Monday, July 2, 2007

Tinkering with Amazon's S3 and EC2

I was really excited about Amazon's EC2 (Elastic Compute Cloud) when it first became available sometime last year. Unfortunately it was (and still is) a "limited beta" service (yeah I know) so all I could do was sign up for it and hope that my day would come.

It did :) (big surprise!).

Anyway I've been playing around with my SliceHost VPS (which they of course call a "slice") for a week and was hoping to have access to a similar service at low cost to compare, so the timing was just about perfect. Note that I also had to wait for my SliceHost slice, but it was a lot quicker (about 8 weeks). I have to get a hold of the specifics for both services to compare price and performance, but my main concerns right now are ease of deployment and flexibility, so that'll have to wait.

My initial guess is that both services will behave pretty much the same after they're setup. You start with a basic OS to play with anyway. I probably won't trust anyone else's image and just roll out my own customizations.

Back to the Amazon services, you can't just use EC2 out of the box. First you need to sign up for S3 (Simple Storage Service), which is pretty awesome on itself but I hadn't used yet (mostly for lack of real need). So I did that (no wait for that one) and decided to explore it a bit before moving on with my EC2 experiments.

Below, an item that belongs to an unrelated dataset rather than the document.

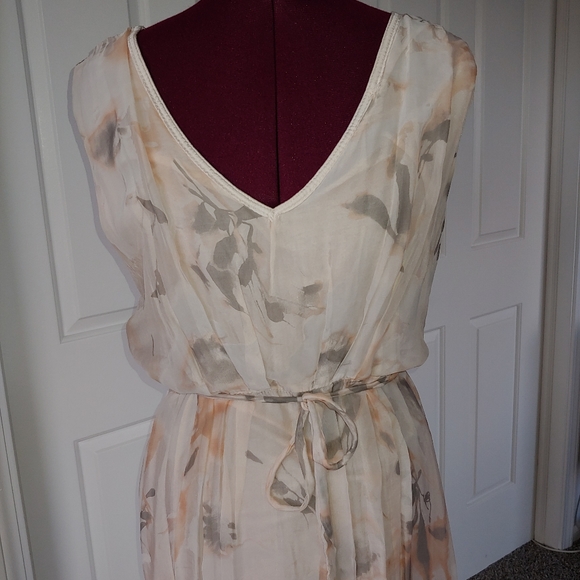 Silk Dress Size 12 - Picture 4 of 8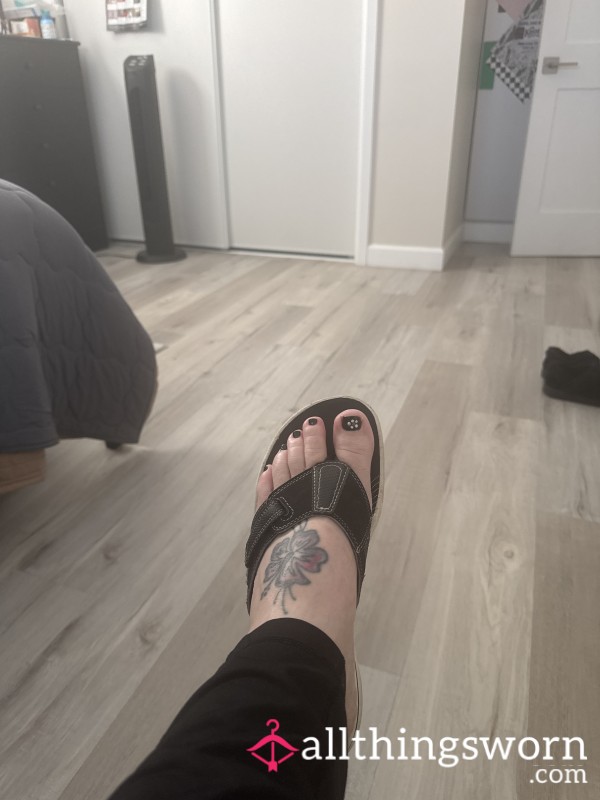 Black Toes With Flower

At first a nice command-line client to S3 would be really nice, to get a general feel for the service without having to dive into the API. I did a quick search and started using s3cmd. It's written in Python, which I like a lot, and has a very clean feel to it. The only problem was that it didn't use my outgoing HTTP proxy (Squid) like other Python apps usually do.

If you have a http_proxy environment variable, the Python libs will generally detect that and pass your requests onto the proxy. After inspecting s3cmd's code, I realized that due to a multi-step process in generating the webservice requests, that functionality was being sidestepped. This required some minor tweaking to add proxy support to s3cmd's config file and then use that to properly craft the requests for proxy and non-proxy situations. I created a patch and sent it to the maintainer. Of course you can just download the patch and apply it yourself--it's against version 0.9.3 of s3cmd.

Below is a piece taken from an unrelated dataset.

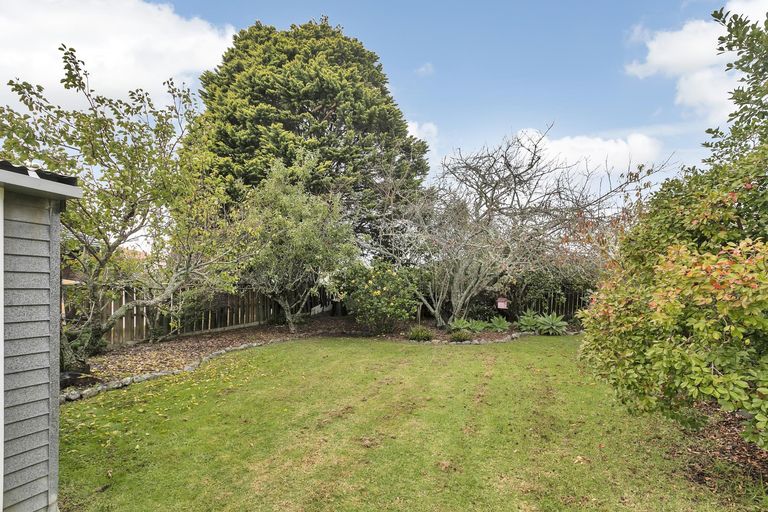 Photo of property in 126 Hutchinson Avenue, New Lynn, Auckland, 0600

Other interesting projects related to S3 are s3sync.rb (a Ruby backup script similar to rsync) and Backup Manager (a general backup tool that I've been told supports S3 now), but I haven't tested them yet.

Having played with S3 I decided to complete my first EC2 setup. After jumping through all the hoops in the Getting Started guide, I chose Paul Dowman's image for my first boot. It worked like a charm, and in less than 1 minute (!!) I was able to login as root to my newly created instance, complete with Rails, MySQL and an up-to-date Ubuntu Feisty install.

BTW, the EC2 tools (in Java) also don't honor the http_proxy environment variable (sigh). Here's the environment variable you have to set to make it all work, assuming your proxy is not password protected:

export EC2_JVM_ARGS="-DproxySet=true -DproxyHost=<host> 
-DproxyPort=<port> -Dhttps.proxySet=true
-Dhttps.proxyHost=<host> -Dhttps.proxyPort=<port>"

Having access to EC2 opens up a lot of possibilities in deployment and scaling. From what I've been reading, the main complaint about EC2 is the lack for persistent storage. I don't see that as too much of a problem because you do have storage as long as the instance is running, and even if it crashes (doubtful) from my understanding the data is intact. I rebooted my instance and it came back unscratched. Only if you forcibly shutdown ("shutdown now -h") do you destroy the image and lose your data. Plus, you can always backup to S3, even the whole image block by block if you'd like. Another common complaint is about the lack of static IPs, but that can also be worked around with dynamic DNS services.

After successfully booting my first EC2 instance I now plan to work on some deprec recipes to deploy rails apps on either SliceHost or EC2, transparently. My target system will be an Ubuntu Feisty base, with PostgreSQL 8.2, Apache 2.2 and Mongrel.